C pthreads

Ok now so here's a question for you:

I'm trying to find out how much of a problem it will be to traverse a directory hierarchy with opendir and readdir with multiple threads.

What I have gathered is this: that opendir is thread safe, readdir only on different streams.

So what I don't understand, and maybe one of you fellows can clarify, is this: can I have multiple streams open on a single directory? If, say, a function that is called by several threads opens a stream to a given directory with opendir, do several open streams now exist on that one directory?

fopen has the handy flockfile, but I can't find an alternative with opendir. Trying to avoid mutexes as much as possible, because I think they are the kind of thing a newb can overuse by simple ignorance of when they actually are necessary.

Thankee kindly.
 
  • FYI Languages :

  • Pony: The most strict of the group. It is designed to be data-race free by design. It achieves this through Reference Capabilities (e.g., iso, val, ref) and an Actor model, preventing shared mutable state between threads.
  • F#: While not strictly race-free in the way Pony is, its immutability-by-default model and functional-first approach significantly reduce the likelihood of race conditions. It manages concurrency safely through high-level abstractions like asynchronous workflows.
 
I'm fine with hard drive storage being the bottleneck, threads are meant to parallelize everything_else.

For now, I am going to use a mutex on all sections of code that use opendir. But if somebody can give me an answer about parallel DIR streams for the same directory, I'll be much obliged.
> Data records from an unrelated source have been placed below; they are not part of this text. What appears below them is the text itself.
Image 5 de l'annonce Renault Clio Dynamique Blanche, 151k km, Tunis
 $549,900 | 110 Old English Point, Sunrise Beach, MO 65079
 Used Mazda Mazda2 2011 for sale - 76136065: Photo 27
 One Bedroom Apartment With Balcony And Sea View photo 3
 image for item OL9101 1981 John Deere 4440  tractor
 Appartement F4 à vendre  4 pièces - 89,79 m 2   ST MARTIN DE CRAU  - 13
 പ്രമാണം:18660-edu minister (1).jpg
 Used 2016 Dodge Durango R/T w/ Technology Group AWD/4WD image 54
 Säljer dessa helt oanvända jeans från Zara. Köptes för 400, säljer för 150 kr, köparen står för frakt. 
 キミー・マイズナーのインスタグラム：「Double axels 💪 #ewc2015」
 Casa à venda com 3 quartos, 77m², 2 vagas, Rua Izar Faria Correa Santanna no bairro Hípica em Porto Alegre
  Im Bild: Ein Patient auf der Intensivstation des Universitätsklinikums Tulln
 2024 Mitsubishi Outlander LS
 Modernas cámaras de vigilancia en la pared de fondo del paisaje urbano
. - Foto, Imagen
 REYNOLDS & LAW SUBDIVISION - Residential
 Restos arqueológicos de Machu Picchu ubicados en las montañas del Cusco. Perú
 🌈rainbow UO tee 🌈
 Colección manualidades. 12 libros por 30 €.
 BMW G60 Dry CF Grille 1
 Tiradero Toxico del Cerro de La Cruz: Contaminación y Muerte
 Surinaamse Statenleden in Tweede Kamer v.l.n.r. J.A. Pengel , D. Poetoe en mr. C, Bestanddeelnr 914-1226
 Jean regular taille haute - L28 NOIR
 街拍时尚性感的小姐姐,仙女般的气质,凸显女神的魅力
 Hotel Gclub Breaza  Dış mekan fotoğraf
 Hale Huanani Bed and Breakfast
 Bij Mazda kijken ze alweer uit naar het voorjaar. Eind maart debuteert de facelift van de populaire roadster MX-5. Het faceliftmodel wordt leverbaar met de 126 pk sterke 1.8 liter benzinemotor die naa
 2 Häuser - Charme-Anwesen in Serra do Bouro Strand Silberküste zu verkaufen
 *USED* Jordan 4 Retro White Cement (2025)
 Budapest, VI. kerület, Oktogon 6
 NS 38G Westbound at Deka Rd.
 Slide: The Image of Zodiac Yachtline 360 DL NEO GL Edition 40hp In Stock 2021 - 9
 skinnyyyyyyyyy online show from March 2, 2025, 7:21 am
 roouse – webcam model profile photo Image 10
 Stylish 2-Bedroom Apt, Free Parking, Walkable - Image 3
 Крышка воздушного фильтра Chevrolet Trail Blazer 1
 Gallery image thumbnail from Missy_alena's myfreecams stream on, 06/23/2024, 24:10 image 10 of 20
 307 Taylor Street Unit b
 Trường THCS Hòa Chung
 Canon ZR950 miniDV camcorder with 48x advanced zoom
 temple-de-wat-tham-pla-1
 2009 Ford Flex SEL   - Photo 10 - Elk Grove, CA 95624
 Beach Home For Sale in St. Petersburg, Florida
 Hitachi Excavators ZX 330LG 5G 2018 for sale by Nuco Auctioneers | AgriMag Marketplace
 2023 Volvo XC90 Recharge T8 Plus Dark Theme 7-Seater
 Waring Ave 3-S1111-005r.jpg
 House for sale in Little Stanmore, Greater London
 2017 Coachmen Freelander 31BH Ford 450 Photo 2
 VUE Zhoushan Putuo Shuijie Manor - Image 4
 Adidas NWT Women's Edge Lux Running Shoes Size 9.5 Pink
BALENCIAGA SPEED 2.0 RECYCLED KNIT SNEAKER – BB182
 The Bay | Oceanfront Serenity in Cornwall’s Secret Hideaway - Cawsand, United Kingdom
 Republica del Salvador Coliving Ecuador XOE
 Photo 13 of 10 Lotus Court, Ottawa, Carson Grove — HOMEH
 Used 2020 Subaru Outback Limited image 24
Or if somebody knows of something equivalent to flockfile for directories, even better.

As for switching languages, it is not a possibility at this juncture.
 
So what I don't understand, and maybe one of you fellows can clarify, is this: can I have multiple streams open on a single directory? If, say, a function that is called by several threads opens a stream to a given directory with opendir, do several open streams now exist on that one directory?
So opendir() returns a bit of data representing a directory, then readdir() uses that to return a bit of data representing an entity in that directory. Long time since I've looked at source, but I think readir() may have some internal static data which is why it is not thread safe.
If your model is "a single thread does opendir() and then readdir() on that return" you maintain data consistency/conherency within that thread.

Can you have more than one thread doing "opendir()/readdir()" on the same directory? Sure; you can have multiple terminal windows open on $HOME and doing ls. It's not exactly the same but semantically close.

What you want to avoid is X = opendir() on thread A, Y = opendir() on thread B and then trying to pass X to thread B or Y to thread A. If you need to merge the readdir() data from thread A and thread B (like putting the the output of readdir() into a single list) you'll need to figure out the best way to do that (perhaps a queue/list that multiple threads post to with a single reader thread that manipulates things).

I think answers may be driven by what you want to do.
 
Thank you guys so much.

The opendir() and readdir()s would both happen on the same thread, each readdir() operating on the opendir() in the thread in which it was called. So I probably won't need the fancy footwork. I was about to close the book at this conclusion, as there seems to be no issue if I can have multiple opendir()s on a single directory, but actually, now that I think of it, other threads might manipulate content of that directory while it is being traversed.

Which, by the way, would not be solved by a mutex.

So I probably will look into the flock solution.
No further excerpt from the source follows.